▶ ACTION ITEM
Write out the entries verbatim and leave the images out of the copy.

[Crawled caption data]
- - -

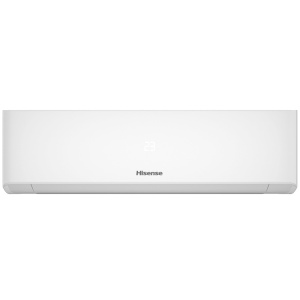 Изображение для товара Hisense AS-07HW4RLRKA00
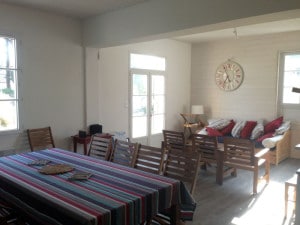 salon-tables-bois2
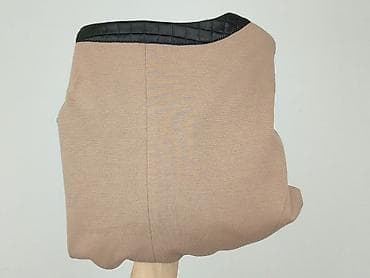 pull bear marynarka: Marynarka damska, rozmiar XL — 6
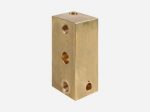 raspredelitelnyj_blok_dlya_gorelki_ecoflam_100_x_50_x_40_mm_65321704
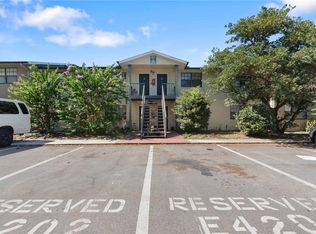 204 Pine Tulip Ct APT 201, Tampa, FL 33612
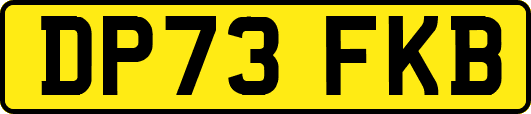 DP73FKB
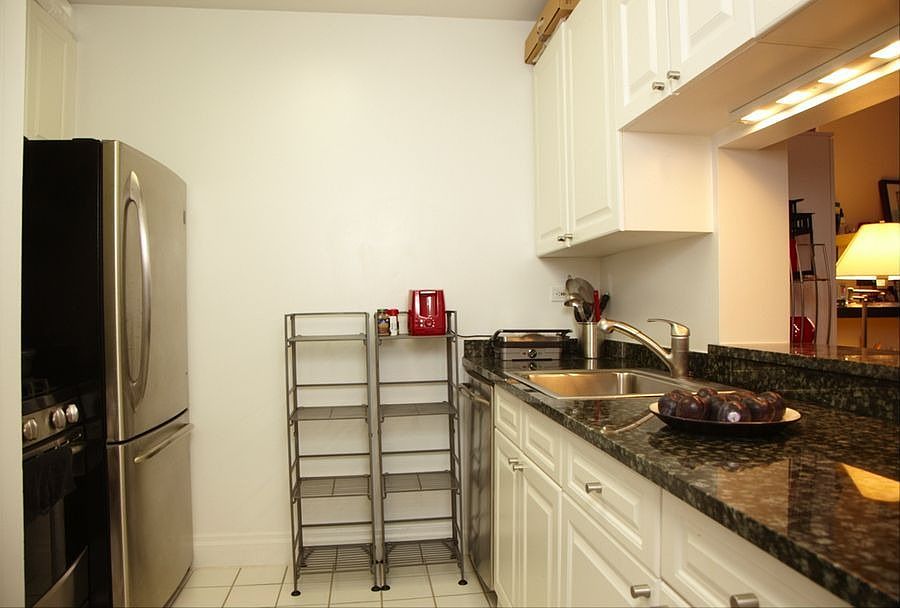 2nd image of 350 E 82nd St APT 4D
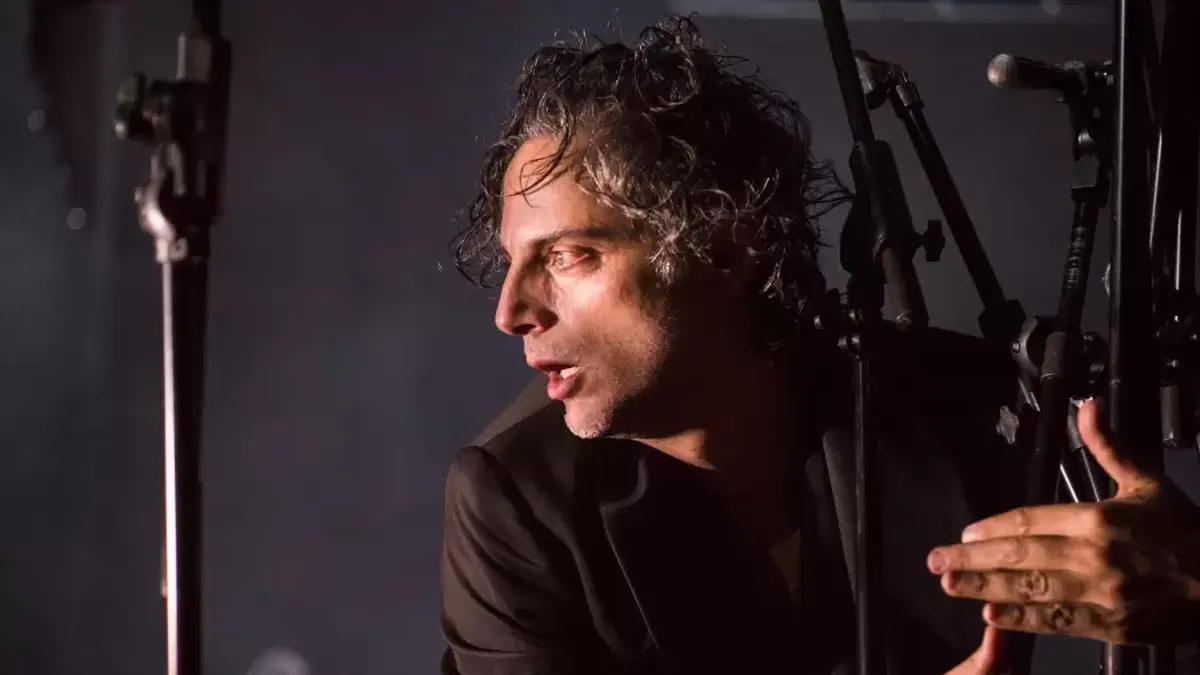 Joaquín Furriel viene a San Juan con una aclamada obra de teatro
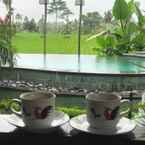 Review photo of Umakelod Sebatu Villas from Yunita Y.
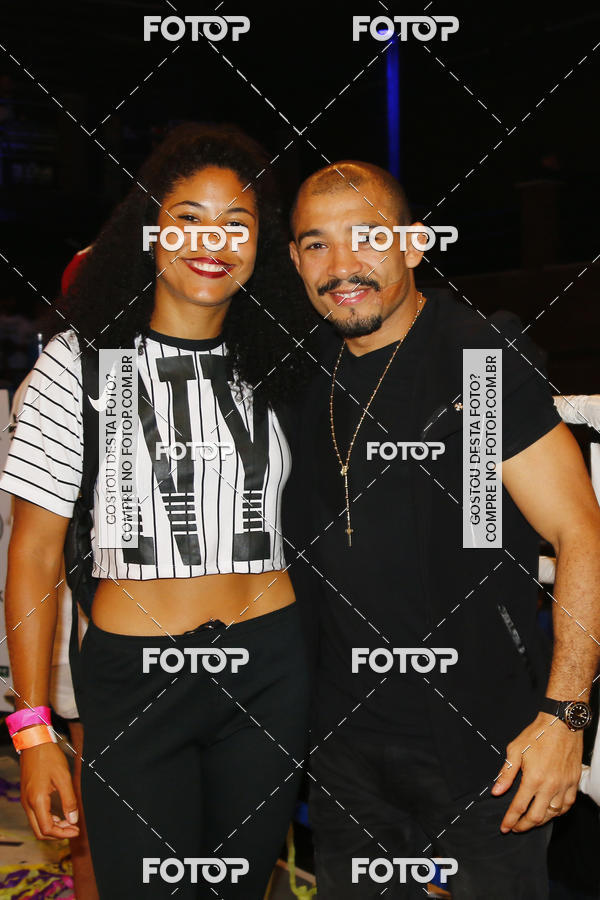 Buy your photos of the eventSKAUS Combat on Fotop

- - -

▶ TASK RESPONSE
 Изображение для товара Hisense AS-07HW4RLRKA00
 salon-tables-bois2
 pull bear marynarka: Marynarka damska, rozmiar XL — 6
 raspredelitelnyj_blok_dlya_gorelki_ecoflam_100_x_50_x_40_mm_65321704
 204 Pine Tulip Ct APT 201, Tampa, FL 33612
 DP73FKB
 2nd image of 350 E 82nd St APT 4D
 Joaquín Furriel viene a San Juan con una aclamada obra de teatro
 Review photo of Umakelod Sebatu Villas from Yunita Y.
 Buy your photos of the eventSKAUS Combat on Fotop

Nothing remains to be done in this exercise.